If you’re cooking the rice from scratch, put the stock and wine (or substitute 100ml extra stock, if you prefer) in a medium pan and bring to a boil – I like chicken stock, because I find it the most neutrally savoury, but use whatever suits the fillings you’re using. A wobbly stock with plenty of gelatine is ideal to give the rice richness.

3 Add the rice and season

Tip in the rice (as well as arborio, carnaroli and other Italian varieties, sushi or even pudding rice will work well here, too), and season as you see fit.

Saffron, as used in the classic Milanese risotto, is a lovely choice here, because it gives the arancini a fittingly golden colour, but flavour the base with whatever herbs and spices you fancy, along with the salt.
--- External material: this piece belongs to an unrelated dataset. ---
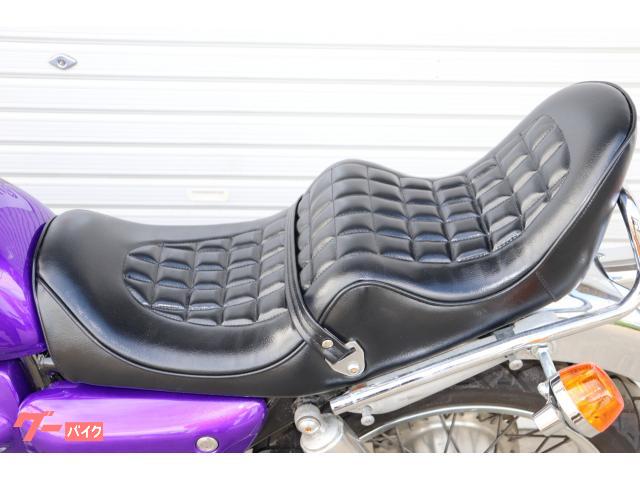 ホンダ CB400Four NC36 外装NEWペイント オーダー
4 Cook until the rice absorbs the stock

Bring the liquid back up to a boil, then turn down the heat and leave to simmer for about 20 minutes, until the rice absorbs the stock and is the consistency of thick porridge. Stir in the parmesan, season to taste, leave to cool, then chill in the fridge (spread out the rice in a tray to hasten this, if need be).

5 Fill and shape the rice mix

Beat one egg with the egg yolk, then stir this into the cooled cooked rice.
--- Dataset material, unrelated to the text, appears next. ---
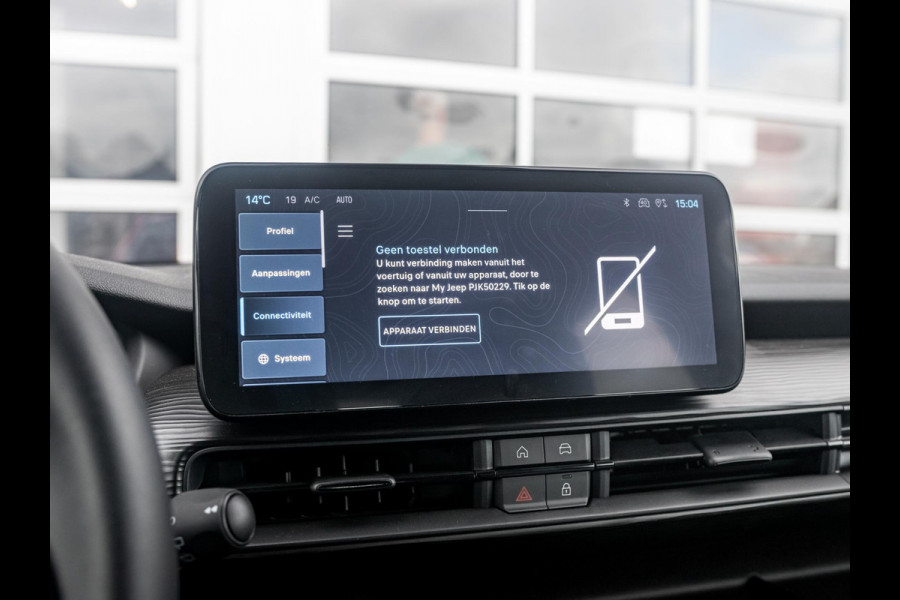 Jeep Avenger 54kWh | Uit voorraad leverbaar | 17% Bijtelling | 18" LM Velgen| Rijklaar Jeep Avenger 54kWh | Uit voorraad leverbaar | 17% Bijtelling | 18" LM Velgen| Rijklaar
Divide into eight balls (or more if you’d prefer your arancini to be bite-size) – the mixture will be sticky! – then flatten each one slightly.

Top with a chunk or two of mozzarella and any other filings you fancy, then wrap and close the rice around it.
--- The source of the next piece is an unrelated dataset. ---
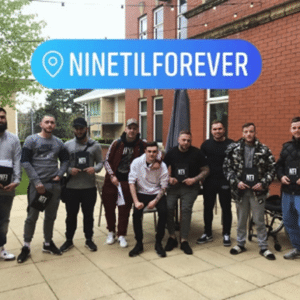 NineTilForever – Foreign Exchange Trading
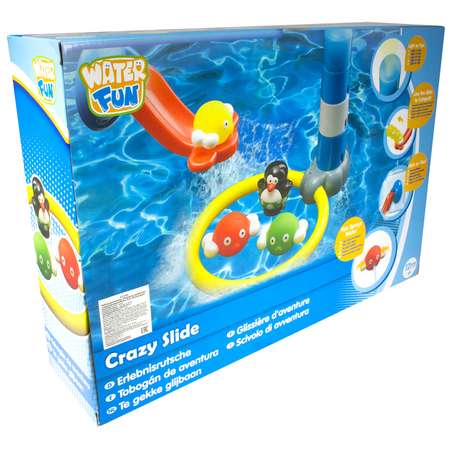 Игрушка Toy Target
Roll each arancini ball until smooth and round, then chill until you want to cook them.

6 Make the batter

Beat the remaining egg, mix this in a bowl with the flour and enough water (about 175ml) to make a thick batter, and season. Put the breadcrumbs in another, shallower bowl. Put oil in a deep pan so it’s no more than a third full, then heat it to 175C, or until a breadcrumb sizzles on contact (alternatively, use a deep-fat fryer).

7 Coat in batter and breadcrumbs

While the oil is heating up, dip each rice ball in the batter to coat, then put it in the bowl of breadcrumbs and heap these on top to cover (you’ll likely have leftover crumbs, but it’s hard to do this using less). Shake off any excess crumbs, then repeat with the remaining arancini. Have ready a tray lined with paper towels near the hob.

8 Fry the arancini

Fry in batches for about five minutes, turning as necessary, until golden brown all over. Make sure the oil comes back up to temperature between batches – if you don’t do this, or if you overcrowd the pan, the oil will be too cool and your arancini will end up greasy. Conversely, if the oil is too hot, the outsides will burn before the cheese melts.

9 Drain, season and serve

Drain on the paper-lined tray and, while they’re still warm, sprinkle with a little salt. Serve hot or cold; if the latter, the cheese will be less melty, but they do make a very good portable snack or lunch. Note also that, if you do want to serve them hot, they can be made in advance up to the end of step 5.